In the video below, I have a little bit of fun and use a Light Machine Gun to hunt two of the toughest animals in the game. In the video, you can also see how the world affects the player in attacking him at will and without much notice.



Honestly, there is so much to do in this game and I haven't even covered half of what's going on! I've barely done any of the story but I've taken over much of the map and still have a long way to go. I covered the most important parts that I found most interesting, but there is a lot more that I have yet to do and a lot more that may be more interesting to you.

I'd like to leave you guys with one last video that I'm proud of myself for and that's of me taking down Varshakot without being detected. Along with regular outposts, FC4 introduced players to fortresses which are a bit more complicated to conquer. The game recommends that players only attempt the fortress if they've gone through the campaign, but I wasn't ready for that so I went ahead and tried my luck and did it. I guess it may be helpful to some who are having difficulties not completing it.

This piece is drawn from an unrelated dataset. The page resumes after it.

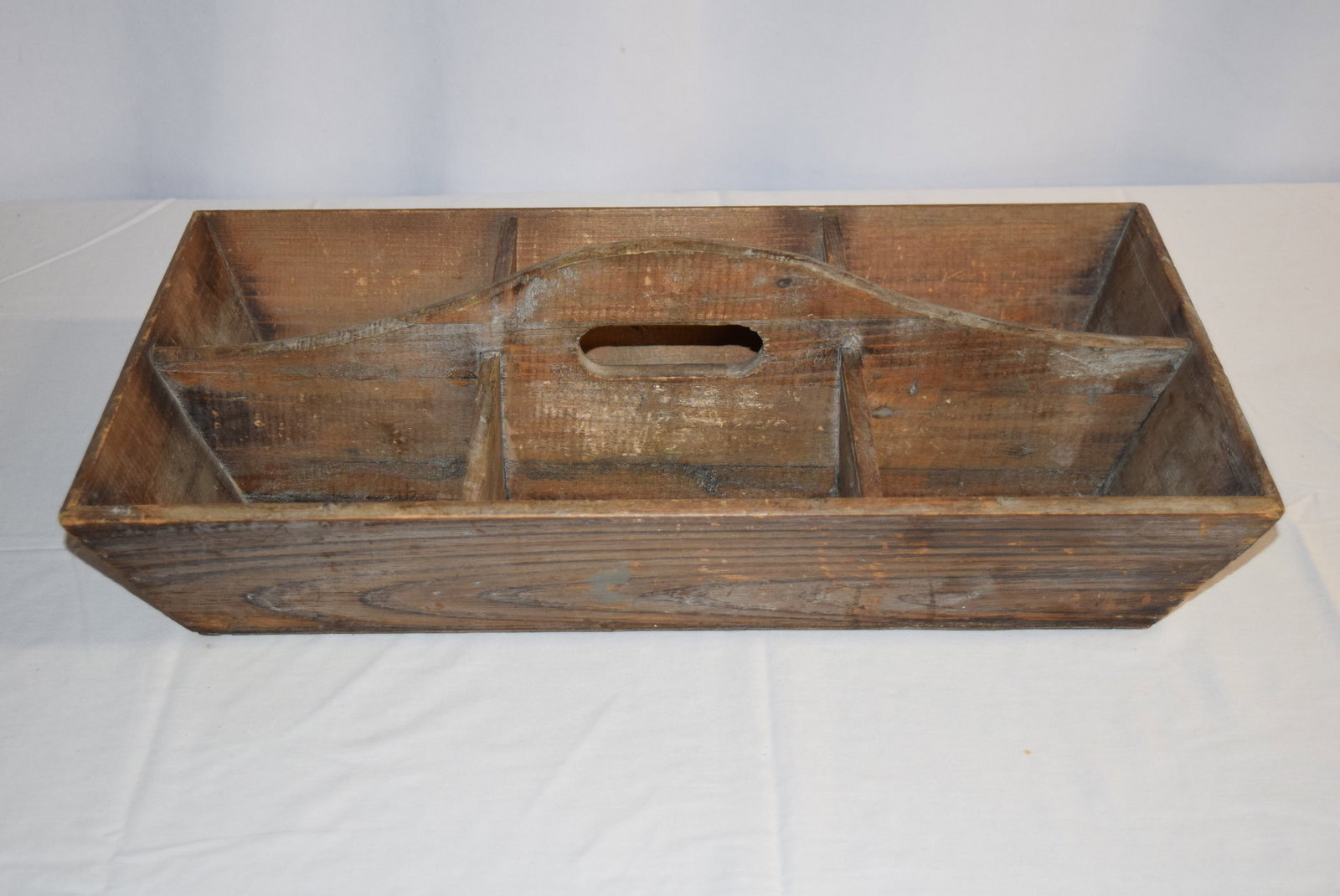 Antique Wooden Utensil Box: Antique Wooden Utensil Box measures approx. 12.75in W x 22in L x 4in T overall, not including handle. Normal ware for age, overall in good condition. All items are looked over but not inspected furthe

Overall, I love the game. I would definitely recommend it to others. In the 13+ hours of playing the game, I've come to see it as more than what I originally thought of it. It's got a lot of new features and new things that make it a much different game than Far Cry 3. I have a difficult time justifying the $60 price because it honestly does feel a bit like a more complicated DLC for Far Cry 3. I suppose that's because this is the same engine with some new additions. The game is good, definitely a favorite for me and one that I'll invest lots of time into.

I apologize for not being able to discuss multiplayer. I don't have any friends that own a PS4 and Far Cry 4 yet so it's kinda difficult to do. I also was unable to discuss the other multiplayer parts and the map editor because I've been focusing all of my time on the single player. The map editor was fun and was something that is a nice edition for console players much like the one included for my Far Cry 1 & 2 disc for the Xbox 360.